◆ WHAT YOU WILL DO
From the line that contains "Nelson - canapé" down to the last line of the entries, please return everything exactly, except the pictures.

◆ PROVIDED RECORDS
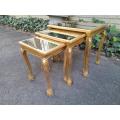 A 20th Century Set of Three French Style Nest of Tables with Mirror Tops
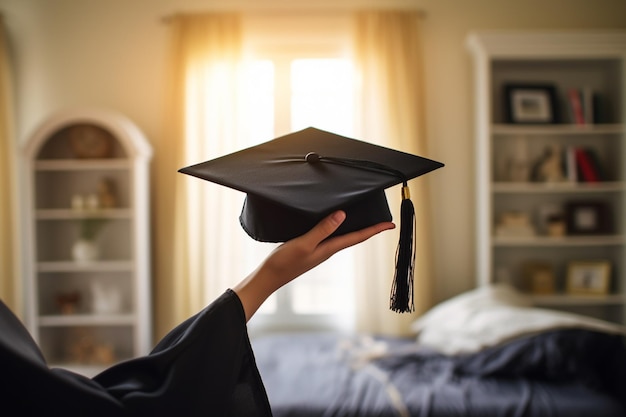 mano sosteniendo el sombrero de graduación en el fondo del estilo bokeh del baño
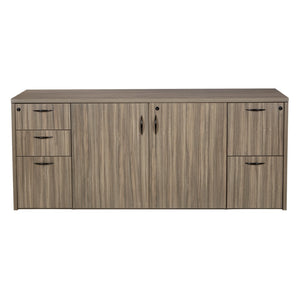OSP Home Furnishings Storage Credenza with Soft-close Doors Engineered Wood Mid-century Modern Media Console NAPURB-110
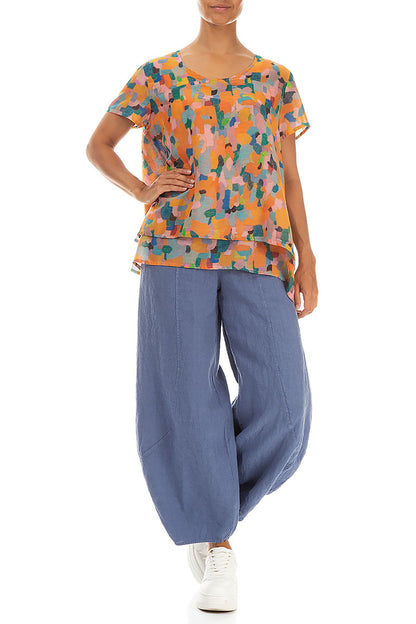 Layered Orange Burst Silk Cotton Blouse 4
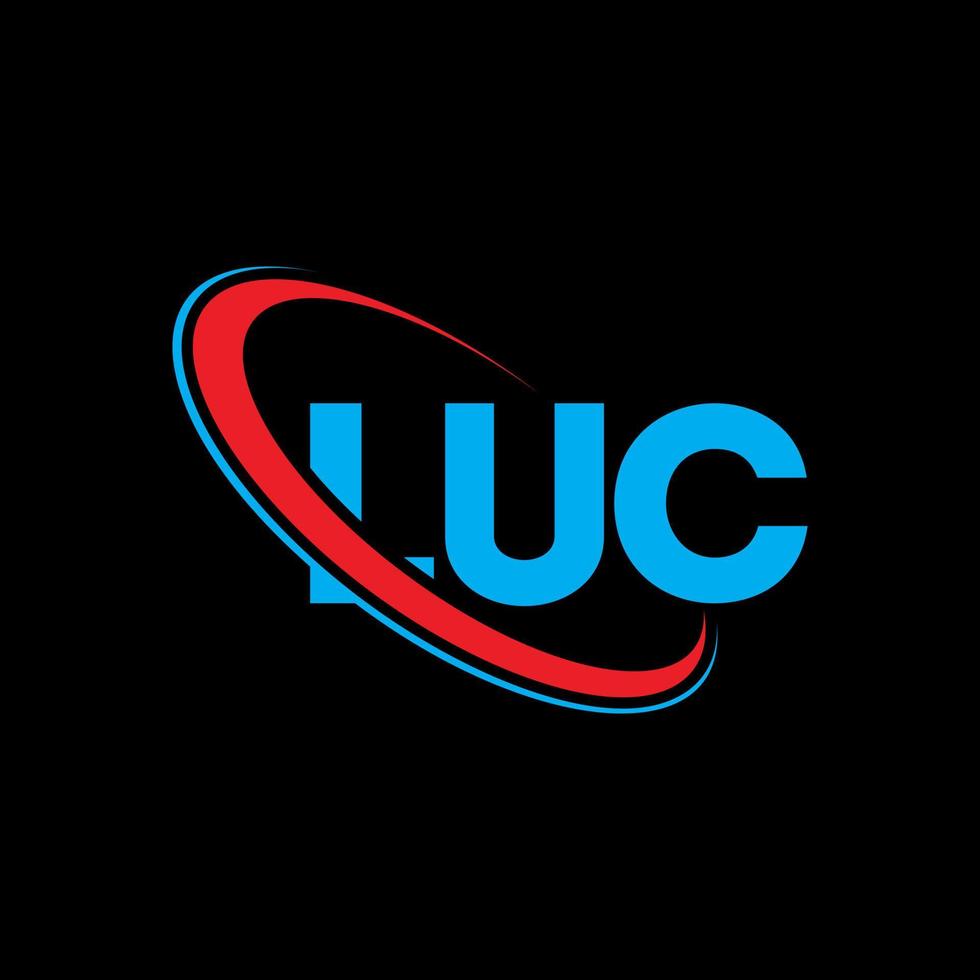 luc-Logo. luk brief. luc-Buchstaben-Logo-Design. Initialen Luc-Logo verbunden mit Kreis und Monogramm-Logo in Großbuchstaben. luc typografie für technologie-, geschäfts- und immobilienmarke. vektor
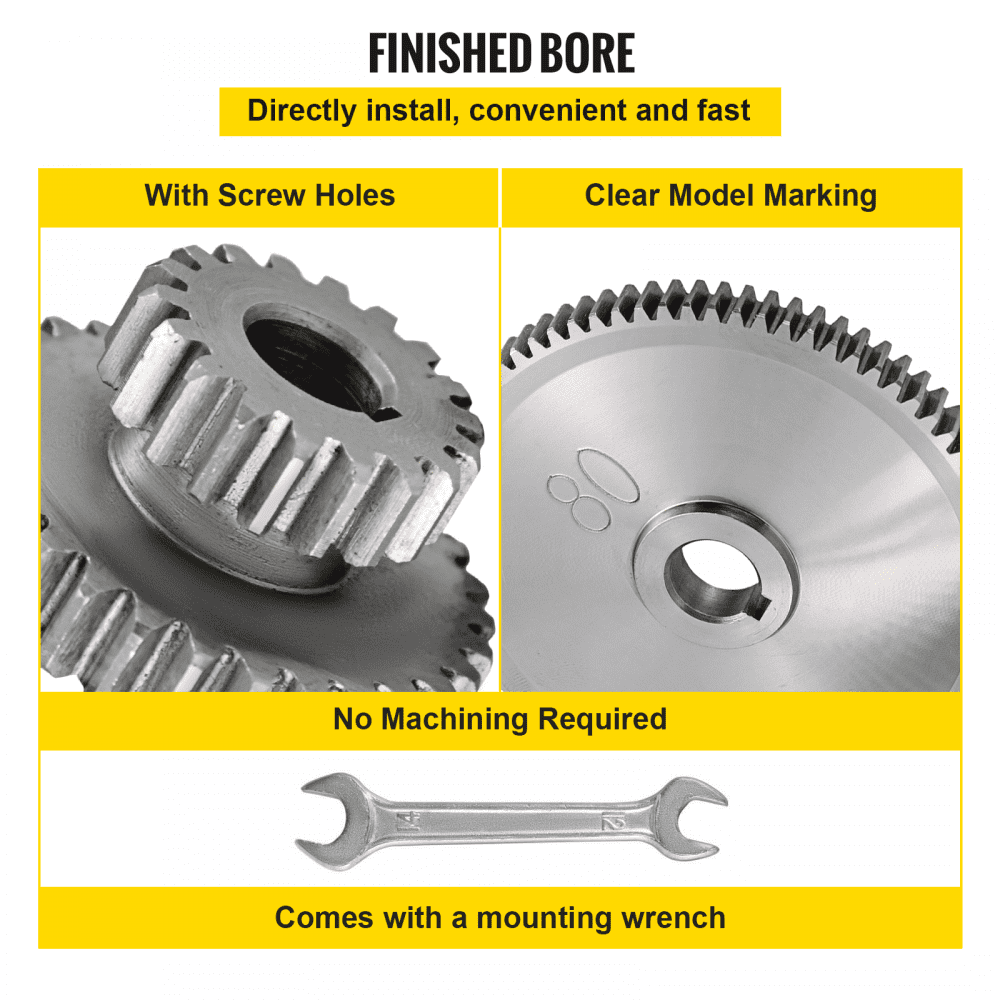 Engranajes de mini torno VEVOR con orificios para tornillos, marcado de modelo claro y llave incluida.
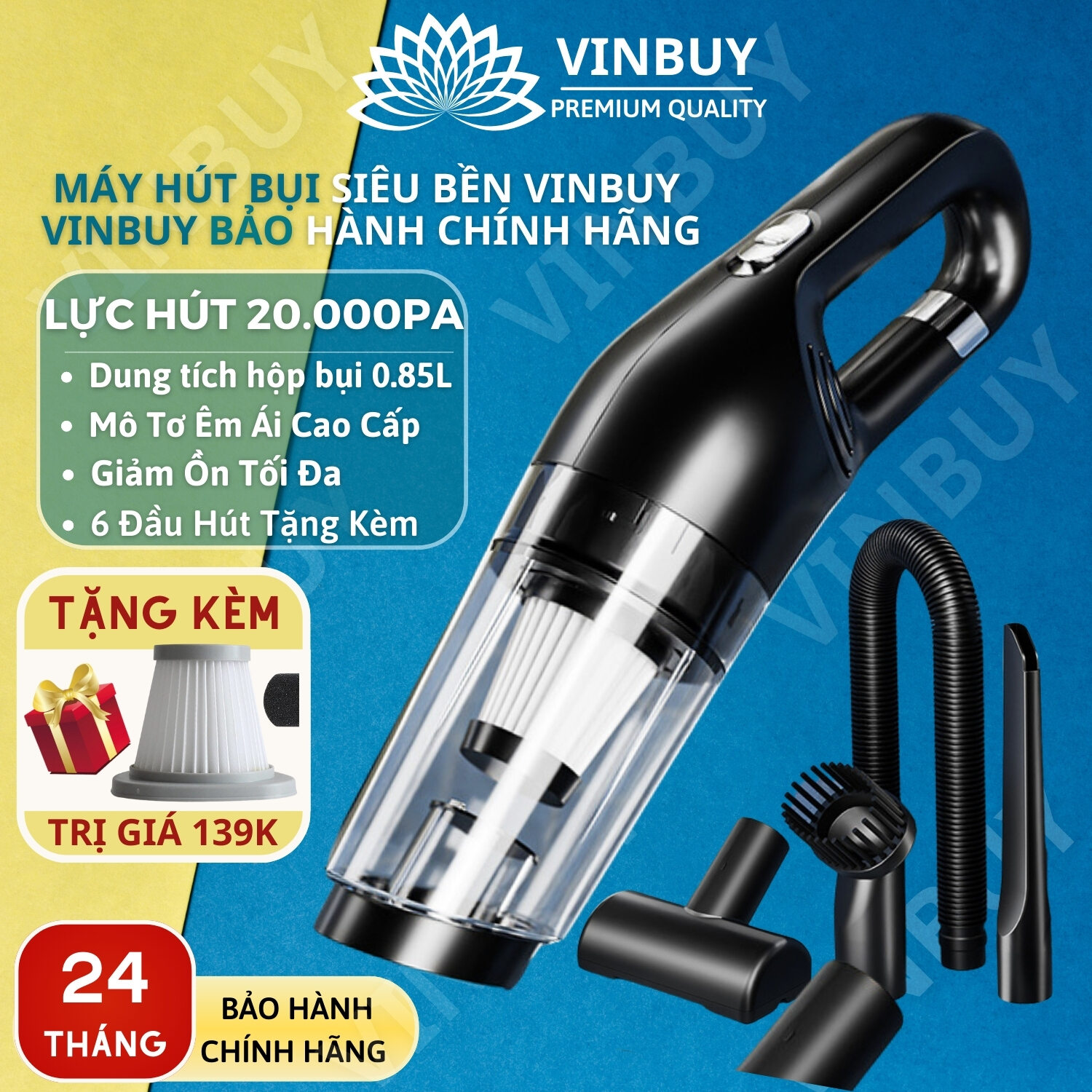 Máy hút bụi cầm tay không dây sử dụng pin sạc, vacuum cleaner đa năng công suất mạnh 20000PA, hút bụi khô và ướt - Hàng chính hãng VINBUY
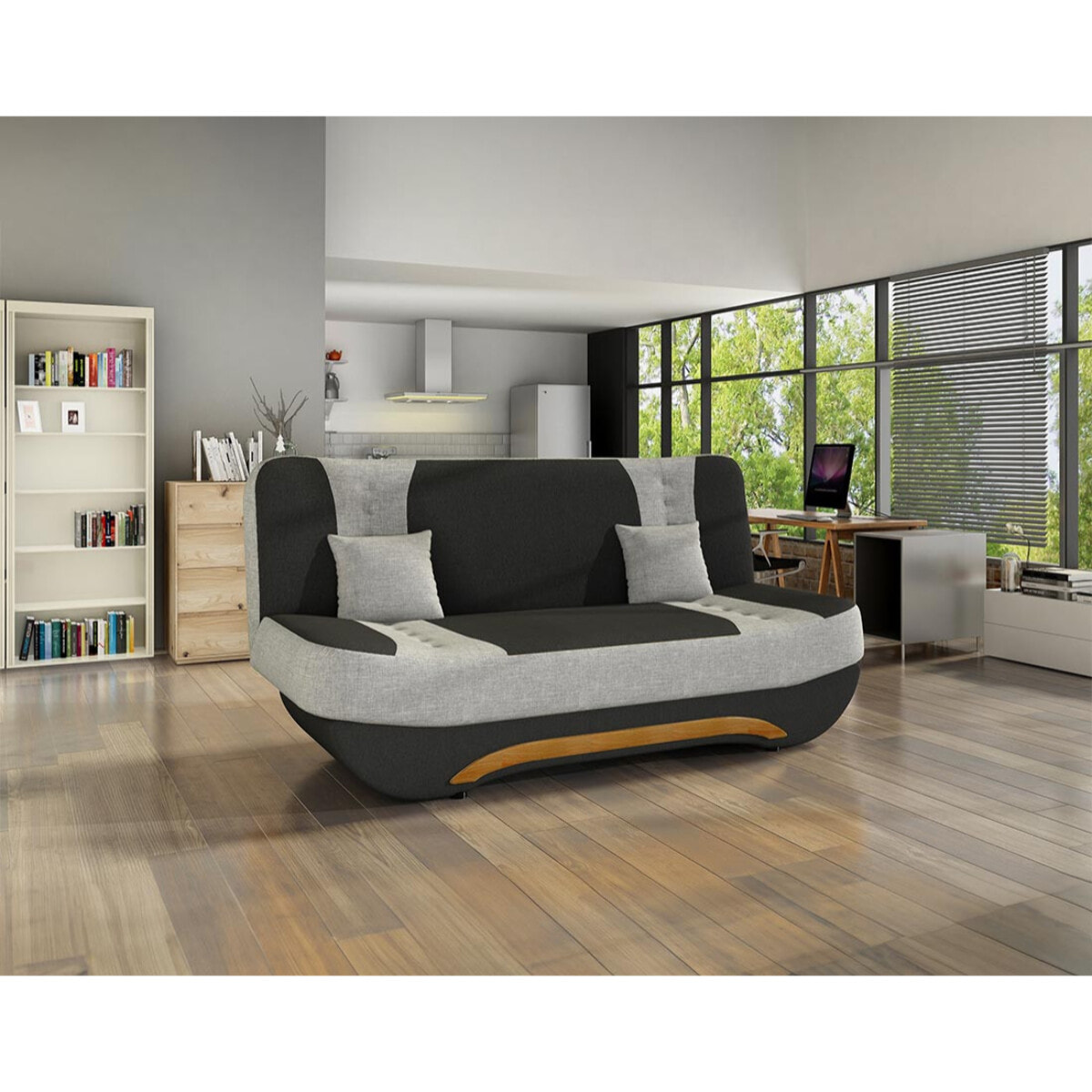 Nelson - canapé convertible clic-clac 3 places en tissu - Noir / Gris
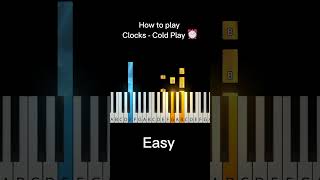 Clocks  Coldplay Easy Piano Tutorial coldplay [upl. by Lener]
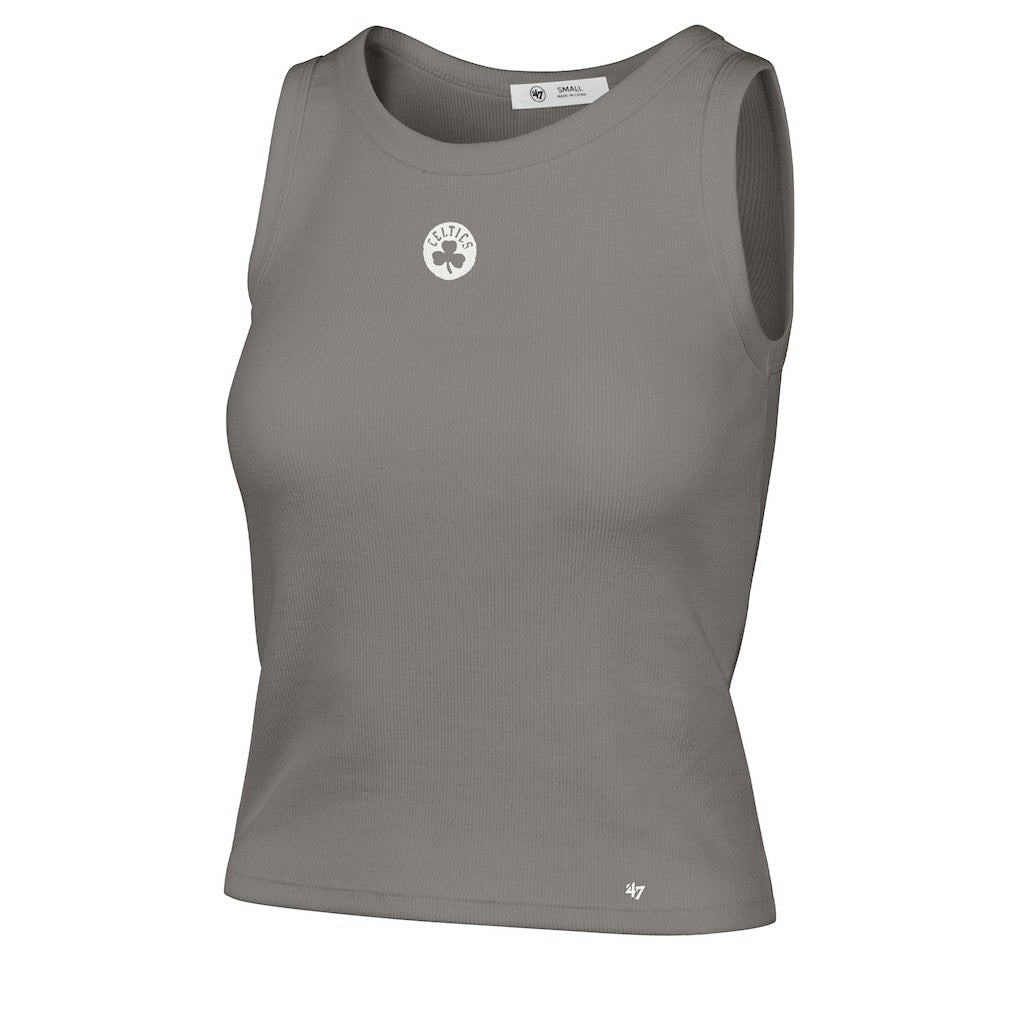 Boston Celtics '47 Women's Cropped Skyhook Baby Rib Tank Gray - NBA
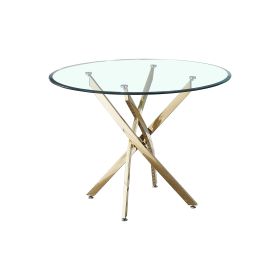 Artisan Contemporary Round Clear Dining TemperedGlass Table with Chrome Legs (Color: Gold)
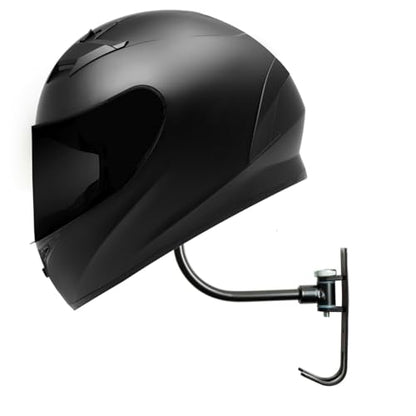 Motorcycle Helmet Rack, Black Wall Mounted Holder - 3 Pack with Metal Hook Hanger for Gear and Accessories, adult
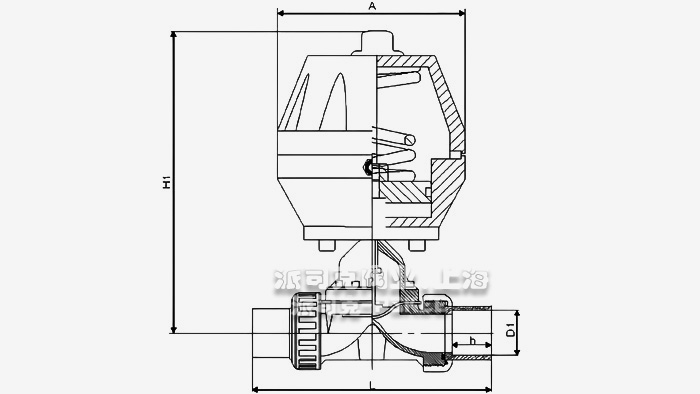 气动塑料双由令隔膜阀尺寸图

◆ OUTPUT
 Nelson - canapé convertible clic-clac 3 places en tissu - Noir / Gris
 Clocks  Coldplay Easy Piano Tutorial coldplay [upl. by Lener]
 Boston Celtics '47 Women's Cropped Skyhook Baby Rib Tank Gray - NBA
 Artisan Contemporary Round Clear Dining TemperedGlass Table with Chrome Legs (Color: Gold)
 Motorcycle Helmet Rack, Black Wall Mounted Holder - 3 Pack with Metal Hook Hanger for Gear and Accessories, adult
 气动塑料双由令隔膜阀尺寸图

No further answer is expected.